HS2 is over budget and behind schedule because its complexity and risks were under-estimated, according to the Whitehall spending watchdog.
The National Audit Office (NAO) warned that it is impossible to “estimate with certainty what the final cost could be”.
It published a report urging the Government and HS2 Ltd to be “transparent and provide realistic assessments” in relation to the high-speed railway.
A Government-commissioned review led by former HS2 Ltd chairman Doug Oakervee leaked earlier this week stated that the project’s bill could reach £106 billion.
HS2 was allocated £56 billion in 2015.
Phase One between London and Birmingham was due to open in 2026, but full services are now forecast to start between 2031 and 2036.
The NAO noted that the Department for Transport (DfT) set the available funding for the first phase in 2013, when there was only a “basic” design for the project.
It also found that HS2 Ltd failed to add enough contingency to its cost estimates after using a calculation method that was inappropriate for the early stage of the programme.
The amount of contingency was not enough to cover “significant increases in cost” which emerged as the design became more detailed and issues such as poor ground conditions came to light, the report stated.

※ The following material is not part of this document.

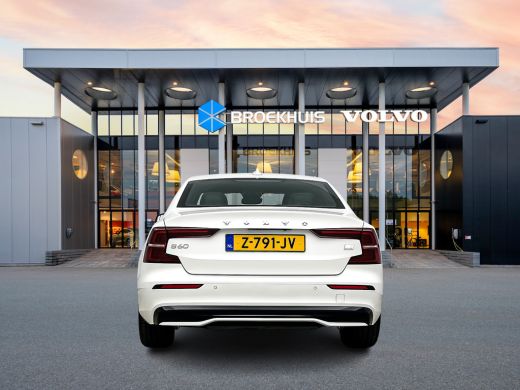 Volvo  S60 T6 Recharge AWD Ultimate Dark | Bowers & Wilkins | 360 Camera | Sportstoelen | Head-up | Trekhaak... ActivLease financial lease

Head of the NAO Gareth Davies said: “There are important lessons to be learned from HS2, not only for the Department for Transport and HS2 Ltd, but for other major infrastructure programmes.
“To ensure public trust, the Department and HS2 Ltd must be transparent and provide realistic assessments of costs and completion dates as the programme develops, recognising the many risks to the successful delivery of the railway that remain.”
A DfT spokeswoman said the department “supported this review and is already acting on many of its recommendations”.
She went on: “To ensure transparency around the project, we have worked closely with the NAO to provide information on the latest cost and schedule estimates for HS2.
“We recognise that there have been significant underestimations of both the cost and schedule of HS2 in the past which is why we commissioned the Oakervee review to provide advice on whether and how to proceed with HS2.”
An HS2 Ltd spokesman said: “After being appointed HS2 Ltd CEO in 2017, Mark Thurston identified the serious challenges of complexity and risk in the project, and he made several significant changes and improvements to the organisation, its governance and processes.
“As the NAO recognises, this work – along with a greater understanding of the ground conditions and build requirements – means ministers have robust cost estimates for Phase One of the HS2 project.”
He added that HS2 has a “highly-skilled team in place ready to build Britain’s new state-of-the-art, low-carbon railway”.
Transport Secretary Grant Shapps has said the Government will make a decision on whether to go ahead with the project in “weeks rather than months”.
Some £8 billion has already been spent on HS2.
Political leaders in northern England and business groups claim HS2 is vital to boosting transport links across the region and providing increased capacity on the overcrowded rail network.
Construction firms warn that scrapping it would cause major damage to the industry.
But opponents claim HS2 is too expensive and the money would be better spent elsewhere, while several environmental groups say it would cause huge damage to natural habitats and ancient woodland.